My tenure in the industry extends over 25 years. The online part was originally just an extension of my professional gambling with an eye on the future. To be honest there is no one that stands out but I have been quite impressed by Michael Shackleford at the Wizard of Odds. He did great work whilst not (until recently) overly commercialising his operation. And of the old-timers, Stanford Wong (pen name), his book Basic Blackjack was anything but basic and so concisely written it saved me so much work.
The only person I have met that did not fail to meet the hype is Sir Clive Sinclair. A person that many have forgotten or never come into contact with. He not only invented the first programmable calculator but also brought the first computer into the homes of millions in 1980, thereby starting the world we know now where a keypad and connection to the world is omnipresent. He believed in his visions and stuck to them, even when they were wrong. That's good and bad I know but 30 years on he has a new computer coming out, the Vega. That is perseverance for you. And he is a good friend.
Why Mobile Gambling Is The Future
You have to say very probably yes. I have some technical experience of the mobile industry and there is an inexorable rise in the number of people whose only connection to the world is through their SIM card.

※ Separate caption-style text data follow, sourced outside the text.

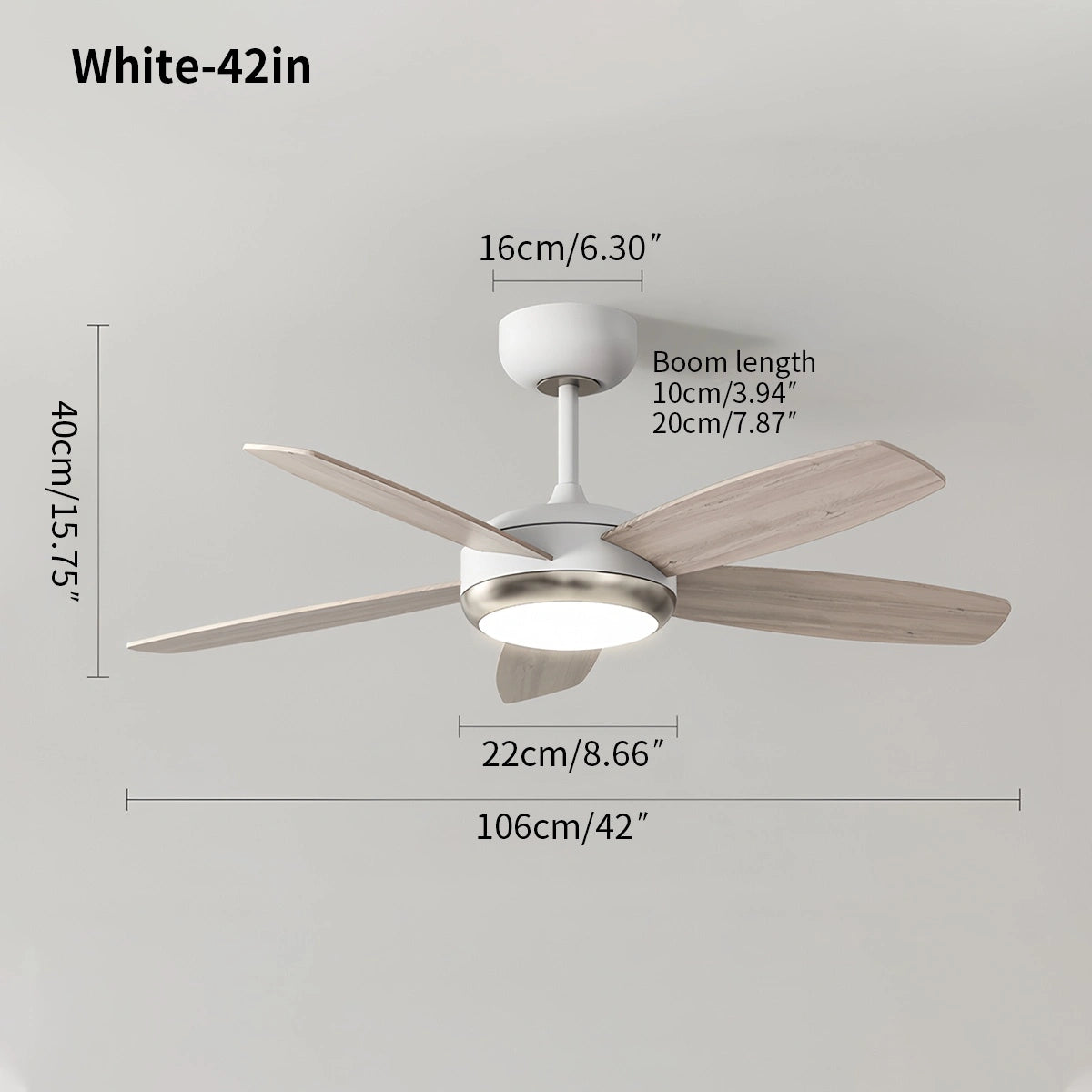 Antizer Retro American Style 5-blade Ceiling Fan Light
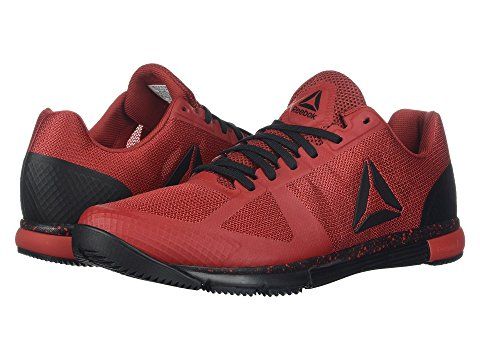 a pair of red and black running shoes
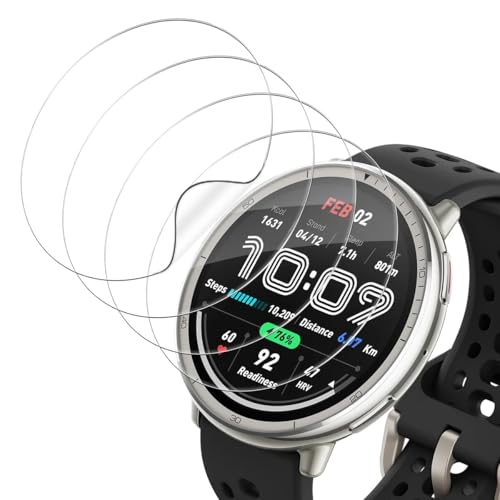 TUTUO Displayschutzfolie für Amazfit Active 2, [4 Pack] Flexible HD TPU Clear Schutzhülle mit einfachem Installationswerkzeug, [Anti-Kratzen] [Blasenfrei] [Fingerabdruck-Unterstützung] Weiche Folie von TUTUO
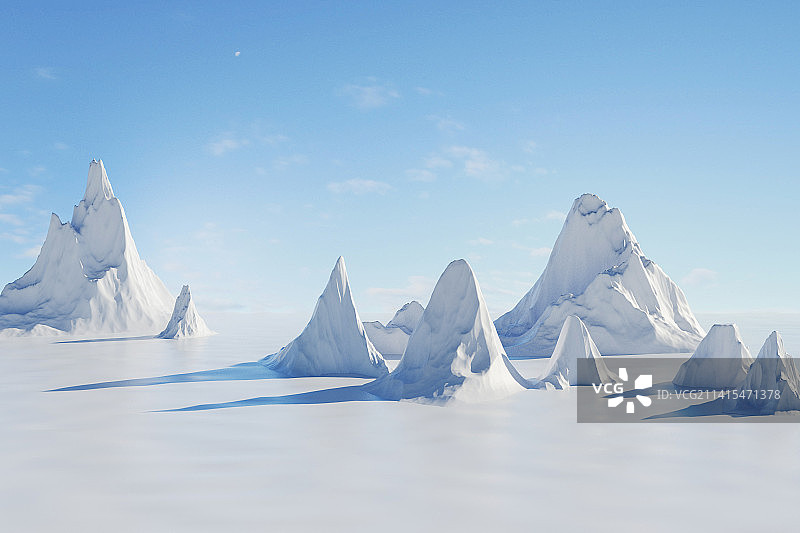 C4D风格的创意雪山图片素材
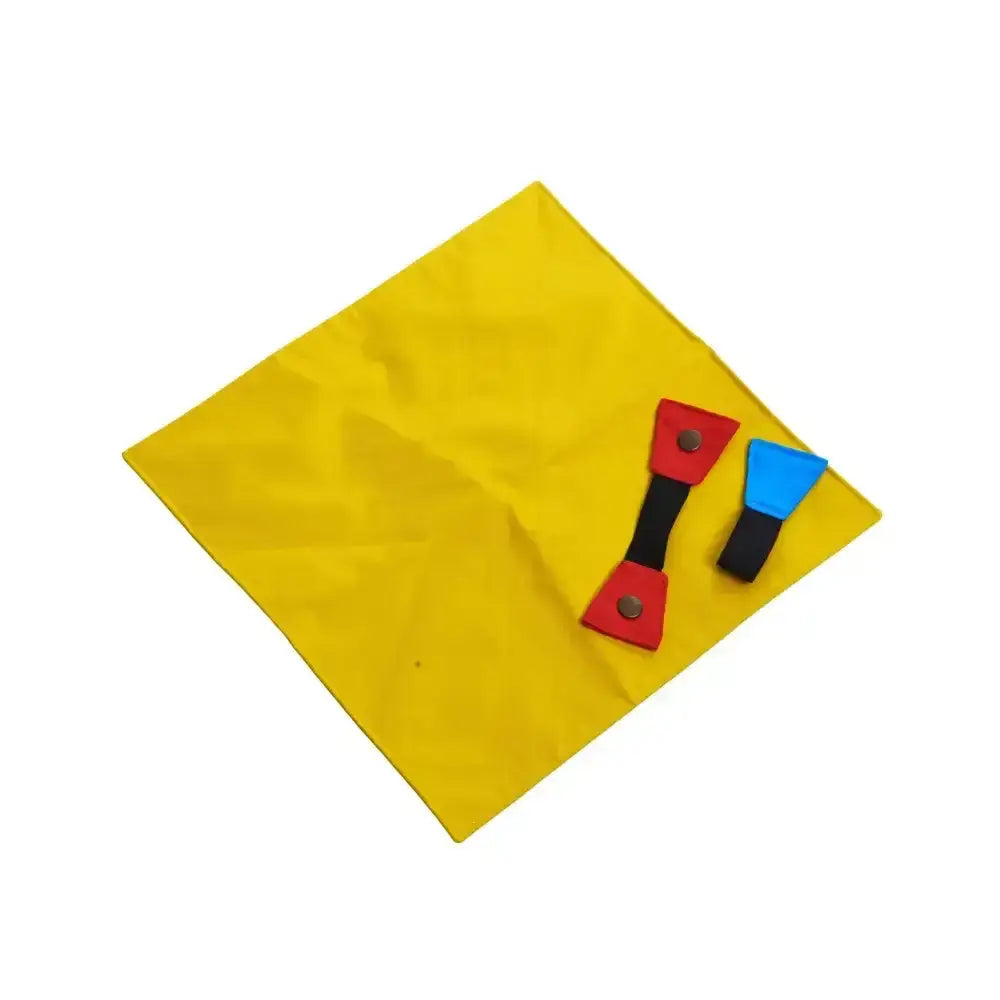 Bright yellow fabric pouch with red and blue magnetic clasps for buster activity mat game cloth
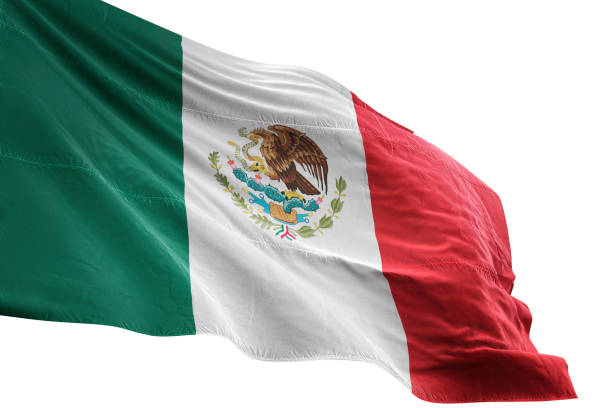 mexico flag close-up waving isolated white background - mexican flag mexico flag digitally generated image imagens e fotografias de stock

Increasing data resources from mobile networks will give tethering and data SIM services a massive presence in the next few years. The tide is only one way. This is definitely better for the operators and worse for the punters. Less information, less control and more spontaneous. Unless regulators step in, this is where we are headed.
Politics. Politicians will go with what they think is beneficial to themselves by judging popular public opinion. So either that means trying to tax the industry out of business or regulating so strongly that everyone is affected adversely. The gambling industry as a whole is an easy target and online gambling very easy. If it is regulated or taxed so strongly that some go out of business there will be nobody defending it.
That is simple.
Dealing With Rogue Online Casinos
- I remove them as much as I can from The Good Gambling Guide and then find an appropriate article or create one and post this describing what has happened. That has not exactly happened to us as yet but very well could.
- Without naming any corporations I have certainly removed affiliate partners who have reneged on deals. They are big name players who decided that when they moved abroad that they could do what they want.
A deposit bonus should only be considered in deciding to join a particular site if your normal intended play will trigger the bonus anyway.
The Sign Up Bonus
- The deposit bonus rules have changed across the industry to the point that fulfilling them just to claim the bonus creates a likely negative expectation to the player which is greater than the bonus.
- Hence on average a player will be out of pocket but if you intended to play hours of roulette or similar then its extra money and can be considered.
When I get out of the industry, which I surely will, I will reflect positively on the way my site tried to steer people in the direction of safe places to play with safe guidelines in mind. That is a fight that will carry on after I have left the ring. From the real world gambling I can remember some fantastic highs and lows, mostly highs. Money taken from casinos and bookmakers is much sweeter than any other sort.